# What is an Obedience Title Really?



## LibertyME (Jan 6, 2007)

I read this a couple of years ago...I have no idea how old it is, but possible before agility, flyball etc... Or perhaps Obed and Herding were the teams favored events...

I keep a copy of it in my trialing bag....

Next weekend there is a trial 2.5 hours away (that is a 'nearby show' up in my neck of the woods!)....Liberty and I will be there Saturday with bells on...hoping to finish her Rally Excellent title and maybe, just maybe get a leg in Open...:crossfing




What is an Obedience Title, Really?
Sandy Mowry

A title is not just a brag, not just a stepping stone to a higher title, not just an adjunct to competitive scores, a title is a tribute to the dog that bears it, a way to honor the dog, an ultimate memorial. It will remain in the record and in the memory for about as long as anything in the world can remain. And though the dog herself doesn't know or care that her achievements have been noted, a title says many things in the world of humans where such things count.

A title says your dog was intelligent, adaptable, and good-natured. It says your dog loved you enough to do the things that pleased you, however crazy they may have seemed. In addition, a title says that you loved your dog, that you loved to spend time with her because she was a good dog, and that you believed in her enough to give her yet another chance when she failed, and in the end your faith was justified.

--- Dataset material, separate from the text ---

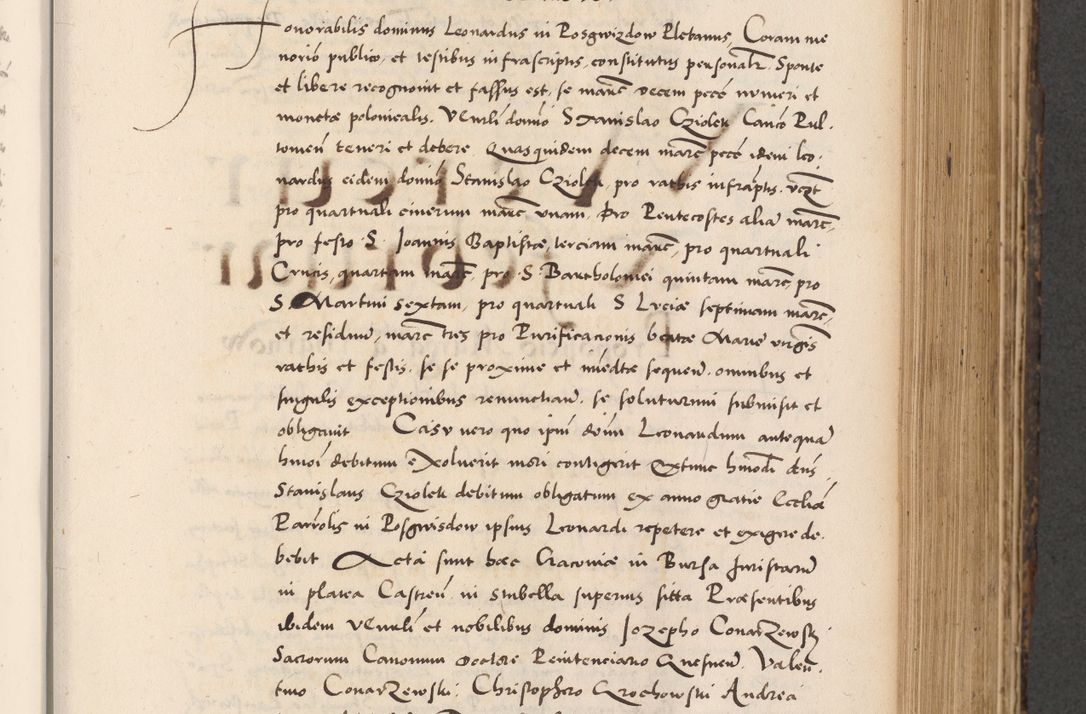 Zdjęcie nr 425 dla obiektu archiwalnego: Acta actorum causarum, sentenciarum diffinitivarum quam interloquutiorum, decretorum, obligationum, quietationum et constitutionum procuratorum coram reverndo domino Petri Porembski preposito Ossviencimensi, canonico et officiali Cracoviensi generali ad annum Dimini 1556, inditione quatuor decima, pontificatus sanctissimi in Christo patris domini Pauli divina providencia pape IIII anno ispius.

A title proves that your dog inspired you to that special relationship, enjoyed by so few, that in a world of disposable creatures, this dog with a title was greatly loved and loved greatly in return. 

And when that dear, short life is over, the title remains as a memorial of the finest kind, the best you can give to a deserving friend. Volumes of praise in one small set of initials after the name. An obedience, or herding title is nothing less than true love and respect, given and recorded permanently.


----------



## FlyingQuizini (Oct 24, 2006)

I LOVE that!


----------



## FlyingQuizini (Oct 24, 2006)

PS... Good luck next weekend!


----------



## Rastadog (Oct 24, 2006)

*I like it*

How do you describe to the uninitiated the relationship you have with your utility dog? This helps do that. What I wouldn't give to do the signal exercise one more time with my old girl who has been gone 2 and a half years. Thanks for posting.


----------



## Rastadog (Oct 24, 2006)

*Those two to three hour drives are a pain*

I made them for a few years. Good luck this weekend. I never trained much the week of a trial. Figured it was good to relax and keep fresh. I always enjoyed the ride home. During warm weather would take the old girl swimming and throw her bumper before we got home. Again good luck


----------



## KatzNK9 (Feb 27, 2007)

Great share! Thank you!

Wow! Love it! May I share it elsewhere?


----------



## katieanddusty (Feb 9, 2006)

Aww I like that!  Someone sent it to me when Dusty got his first title in 2002, but I don't know how long it was around before that either.


----------



## TheHooch (May 9, 2007)

Very nice....good luck with your trials.

Hooch


----------



## LibertyME (Jan 6, 2007)

KatzNK9 said:


> Great share! Thank you!
> 
> Wow! Love it! May I share it elsewhere?



IMO - as long as credit is given to the Author - then share....
That is what I did...


----------



## KatzNK9 (Feb 27, 2007)

Thank you!


----------



## hawtee (Nov 1, 2006)

how fitting and true, thank you for posting ..Goodluck this weekend.


----------